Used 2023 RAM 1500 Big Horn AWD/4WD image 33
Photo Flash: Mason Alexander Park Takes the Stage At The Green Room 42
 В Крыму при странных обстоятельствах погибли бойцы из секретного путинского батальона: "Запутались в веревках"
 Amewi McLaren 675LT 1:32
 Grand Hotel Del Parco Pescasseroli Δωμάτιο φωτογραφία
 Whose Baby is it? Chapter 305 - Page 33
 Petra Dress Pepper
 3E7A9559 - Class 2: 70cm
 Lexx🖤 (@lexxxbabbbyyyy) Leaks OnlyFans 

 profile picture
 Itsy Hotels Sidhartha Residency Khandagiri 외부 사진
============
> **Aim of the task**: Everything from the line with "Whose Baby is it? Chapter 305 - Page 33" to the last line of the entries above is to be retyped exactly. Include both ends.

> **Solved problem**:
 Whose Baby is it? Chapter 305 - Page 33
 Petra Dress Pepper
 3E7A9559 - Class 2: 70cm
 Lexx🖤 (@lexxxbabbbyyyy) Leaks OnlyFans 

 profile picture
 Itsy Hotels Sidhartha Residency Khandagiri 외부 사진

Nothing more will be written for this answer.